Imagine being at the dawn of civilization when you were still gathering and hauling provisions with the use of only your arms. Being forty-five and tired, one day, while carrying a few pieces of oak to burn, you see in the distance what looks to be a giant dog (really a horse) with a wheeled-box attached to its back by two rods and some rope. By a fasten-chair on front of the box is sitting a jolly-o, heavy-set gentlemen singing the latest poems uttered by the priestly-class-chores. As the oversize dog and man approach closer, you notice the box overflowing with firewood at lest 60 arms full. jealously and envy fill your heart, as you look in awe and amazement to the ingenuity of this chubby man, while simultaneously recollecting the lesson from the Cain and Able story, lest you murder this man on the spot.
This is how I imagine the average person experiences the first pickup truck. Well, I guess it isn’t the first pickup per se, but the function of the horse and cart is the same as a pickup. Mankind needs for something else to do its hard work. We simply lack the strength horses’ posses to pull large amounts of raw materials to strategic locations. No matter how well trained a dozen men are at pulling the royal carriage, they simply lack the grace and beauty of the Clydesdale horses gliding through the streets with the precious cargo, as portrayed in the Budweiser ads. A wheelbarrow is about all a human can manage, and even here, notice he is still using technology to do his labor.
In April 1925, the Ford Model T Runabout is the fist pickup to officially put the horse and cart out of popular usage. These trucks are simply for utility, lacking all flares. I imagine, and here I am only speculating, if a young fellow is wanting to impress a girl, the worse possible advice he should follow is to boast confidently about his pickup truck and all its usage: “Yeah … I can fit about 4 dozen chickens in this baby.” Such a move is not going to get the desired first kiss. If in doubt about this, try showing up at your next first date with an Ups truck, and talk about all the different types of boxes you can haul. I bet you’ll really wow her!

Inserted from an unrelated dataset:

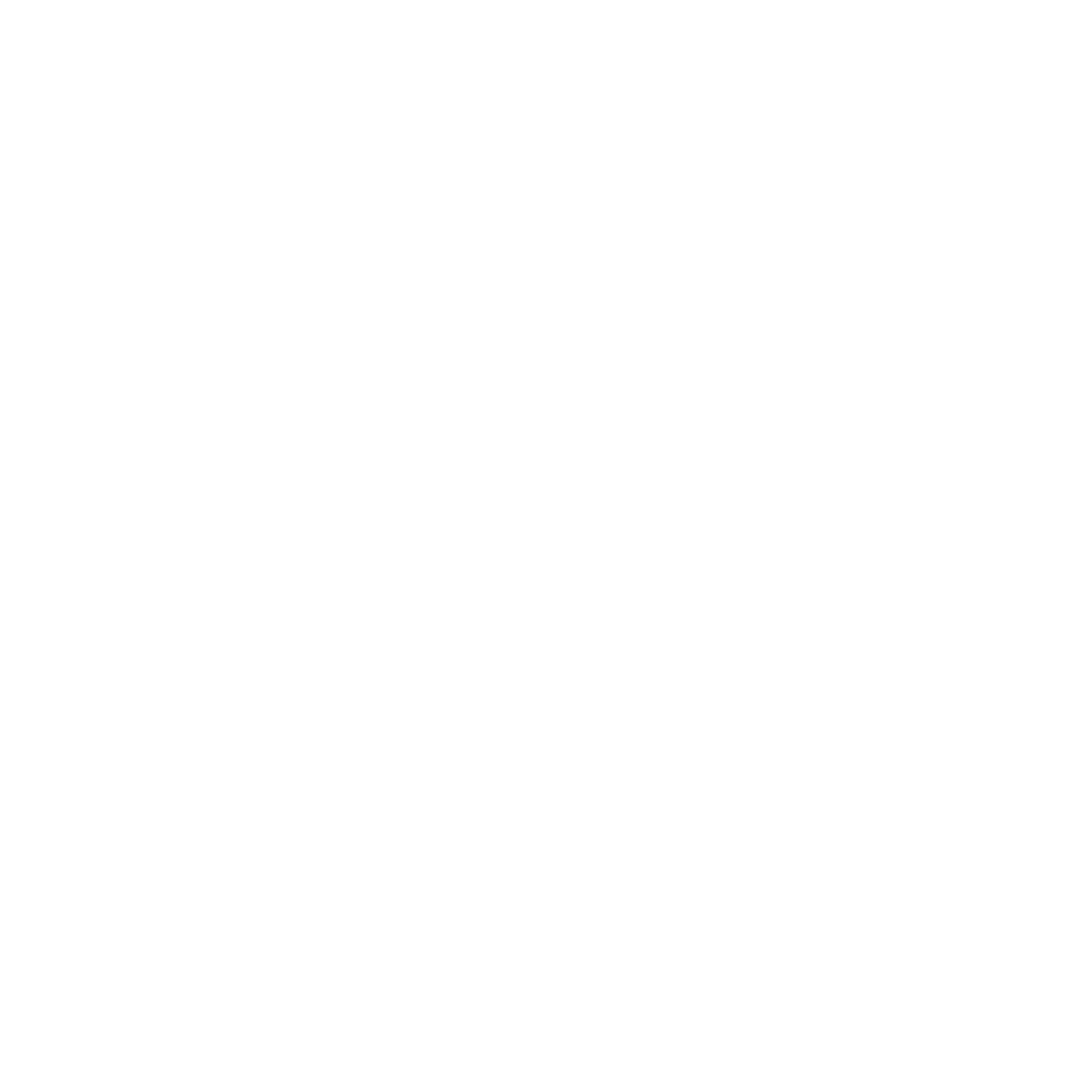 thumbnail_ZigotoJump_Blanc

If you have never had the opportunity to go to a car show, I suggest you do. To see the old cars and trucks restored is a pretty awesome experience. I know nothing about cars or trucks, but I do pride myself, as much as I can, at knowing a good looking truck verses a piece of crap. Beauty is a transcendental, portraying itself in all man’s crafts. A hammer, if made with the right materials and assembled in the right way is most assuredly a piece of art. Likewise, a pickup truck, while best used when loaned out to move some else’s refrigerator, can also have the dazzle to awe its owner and cause the precipitation of drool in bystanders. Yet, it can’t be just any model of pickup to have such an affect; just as it can’t be any hammer. It isn’t possible for a 1989 Chevy pickup to ever look as delightful as the 1957 Chevy pickup. Restoring a 1989 Chevy pickup is like restoring a medal-folding chair in your closet. Some things are best decomposing.
Yet, some people might feel differently about this than me. I can imagine some pimply faced, small town 17 year old named Bobby thinking it is the coolest thing sense baseball cards to restore a 1989 Chevy pickup. After watch an MTV show about “pimping” a car, Bobby drops five grand in new flashy rims, hydraulics, and tinted windows, while spending another grand on a stereo system blaring Eminem. Pulling up to the town square on a Friday night in his newly decked out pickup truck, he wonders why people are laughing and calling him “that guy”. You see, no matter how much money you put into a 1989 Chevy pickup, it will never result in others desiring your presence. Bobby’s whole project is like pimping out a Chevrolet Corsica. No gangster would ever dream of doing it. In this case, Bobby should have just stopped at coveting the car on MTV. But by him attempting to pimp out a 1989 Chevy pickup, he acts like many of you did at the dawn of civilization when after seeing the jolly-o gentlemen pass by, you strapped a few wheels and a box to your pet ostrich. It can be done, but should it?